I have found the following snippet in a code implementing a list class
void push_front( const T & x ) { insert( begin( ), x ); }
void push_front( T && x ) { insert( begin( ), std::move( x ) );}
Now I know that if I have a function taking a parameter as an r-value, that parameter will be l-value in the scope of the function (Isn't that right?).
So I can replace the previous snippet by
void push_front( const T & x ) { insert( begin( ), x ); }
void push_front( T && x ) { push_front( x );}
The first question: Am I right?
The second one: By considering that the r-value parameter in the first snippet is an l-value parameter inside the second function, Will std::move( x ) cast x from l-value to r-value and the function push_front() call the r-value version of the function insert() or what?
An edit::
This is how insert() is implemented
iterator insert( iterator itr, const T & x )
{
Node *p = itr.current;
theSize++;
return { p->prev = p->prev->next = new Node{ x, p->prev, p } };
}
iterator insert( iterator itr, T && x )
{
Node *p = itr.current;
theSize++;
return { p->prev = p->prev->next = new Node{ std::move( x ), p->prev, p } };
}
The definition of Node
struct Node
{
private:
T data;
Node *prev;
Node *next;
Node( const T & d = T{ }, Node * p = nullptr,
Node * n = nullptr )//It's possible because of const
:data{ d }, prev{ p }, next{ n } { }
Node( T && d, Node * p = nullptr, Node * n = nullptr )
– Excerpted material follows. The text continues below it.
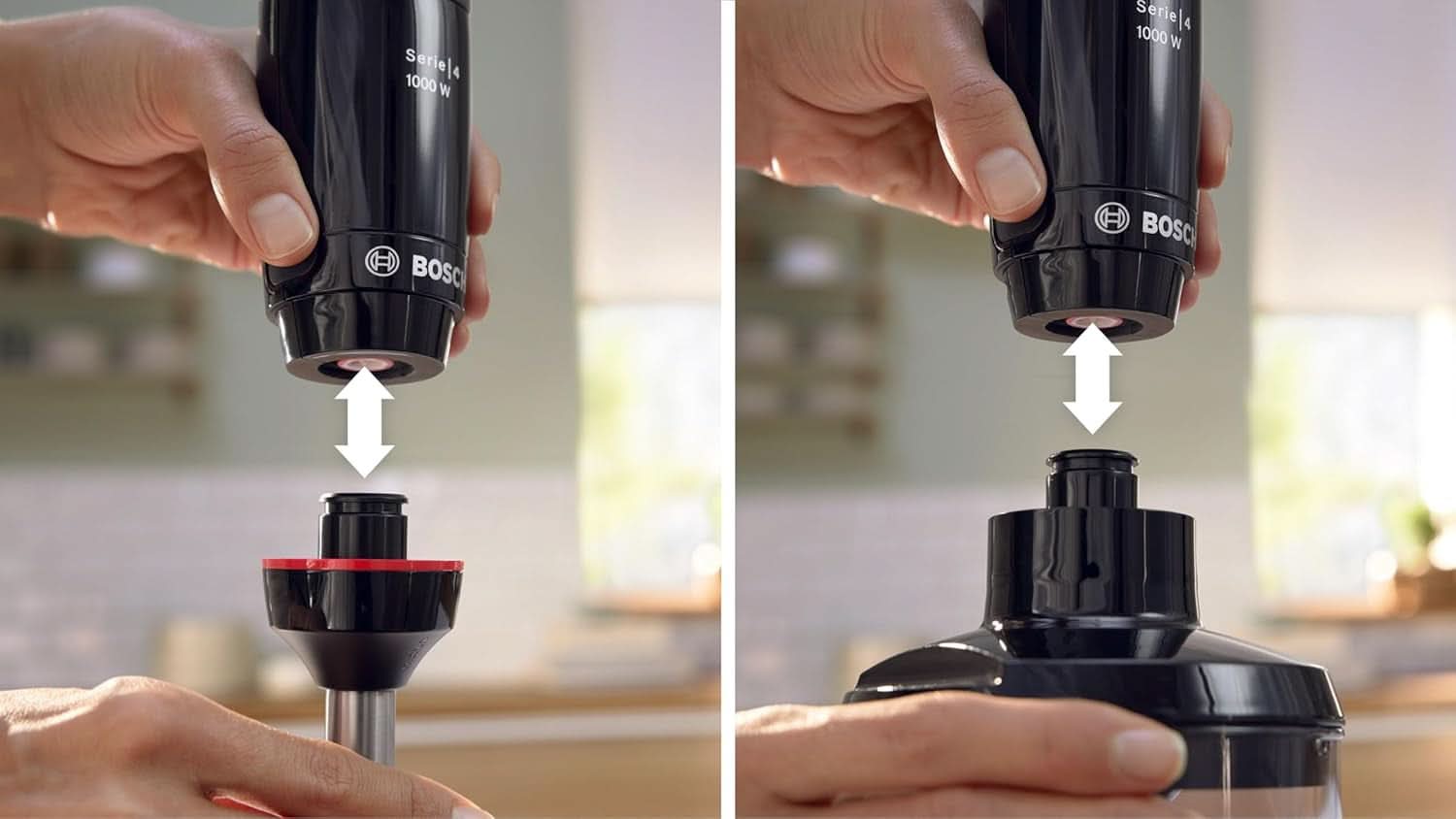 Robot da cucina Bosch Ergomaster Serie 4, 1000 Watt, Edelstahl-Mixstab, Zerkleinerer, Mix-/Messbecher, Schwarz Kitchen Naty Shop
: data{ std::move( d ) }, prev{ p }, next{ n } { }
};
I have a function taking a parameter as an r-value, that parameter will be l-value in the scope of the function
Yes. In general, all rvalue reference variables are lvalues, function parameters or not.
So I can replace the previous snippet by ...
Yes, but then push_front(T &&x) will copy x instead of moving it.
Will
std::move( x )cast x from l-value to r-value and the functionpush_front()call the r-value version of the functioninsert()
Yes.